Beyond  /  Longread

Do Border

Who can migrate to the US and make their home here? Who gets to drop US-made bombs, and who is expected to suffer them? These are not unrelated questions.

Nativism in American politics long predates the Clinton Administration. But it did not begin as a blanket rejection of immigration. Nativism’s historical precursor was instead a racially selective pro-migration program: the project of settler colonialism demanded that certain types of European migrants “advanc[e] compactly as we multiply” across the North American continent, as Thomas Jefferson wrote. Enslaved Africans, of course, were transported by force. It was the sort of demographic regime of ethnic cleansing and replacement that governs other settler-colonial projects — including the one still unfolding today in Palestine.

As Indigenous people were killed, dispossessed, and displaced across an expanding United States, settlers came to identify as natives — and, in turn, as nativists. Calls inevitably arose to exclude would-be immigrants who didn’t fit the white-settler racial ideal.

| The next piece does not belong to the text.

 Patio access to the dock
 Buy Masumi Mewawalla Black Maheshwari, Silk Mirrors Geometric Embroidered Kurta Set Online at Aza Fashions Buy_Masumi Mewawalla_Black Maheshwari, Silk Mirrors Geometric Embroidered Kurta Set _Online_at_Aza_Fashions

Since the early 19th century, the racist demand for immigration exclusion — anti-Irish, anti-Chinese, anti-Japanese, anti-Jewish, anti-Italian, anti-Filipino, anti-Mexican, anti-Latino, anti-Arab, and anti-Muslim — has been a key motif in American history.

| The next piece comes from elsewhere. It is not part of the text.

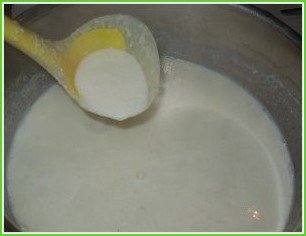 Вкусная манная каша на молоке - фото шаг 5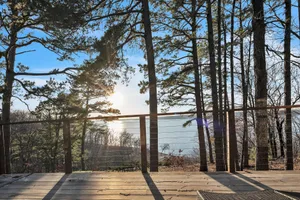 Image of Lakefront Escape On Lake Hudson 5 Bedroom Cabin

Today’s nativist politics owes much to that lineage, but also to more contemporary inputs: overpopulation hysteria beginning in the late 1960s; the eruption of anxiety about border security since the 1970s, when a stagflated economy spawned the initial neoliberal counterrevolution; and, in the 1990s, the hardening of vehement anti–Mexican migrant sentiment into a bedrock of Republican and conservative-movement politics, which promptly began pulling Democrats to the right.

Starting in the early 2000s, against this rising tide, responsible liberals and conservatives sought a solution to please all sides: “comprehensive immigration reform.” Time and again, Democrats and self-styled Republican moderates proposed increased border security as a part of larger packages that would also legalize undocumented immigrants and supply American business with guest workers. These negotiations became major priorities for Presidents George W. Bush and Barack Obama, who each spent significant political capital trying to pass legislation. Yet they failed every time, stymied by conservative nativists who, riled by Fox News and talk radio, insisted on border security alone, with no accommodation for undocumented immigrants.

In response, Democrats and Republicans serially capitulated to the right, strengthening enforcement with no pro-immigrant measures attached — all in order to prove their “seriousness.” Since 1992, the Border Patrol ranks have grown by nearly 400 percent, from 4,139 agents to roughly 20,000 today. The number of miles of border fencing — Trump’s “wall” in all but name — grew from just 14 in 1990 to 654 at the time of Trump’s inauguration. Democrats have likewise expanded and accelerated the federal deportation pipeline by linking it to the gargantuan US criminal justice system. Both Clinton’s Illegal Immigration Reform and Immigrant Responsibility Act and the Secure Communities program, piloted under Bush but rolled out under Obama, made cops, courts, prisons, and jails a powerful force in immigration incarceration and deportation. All in exchange for nothing.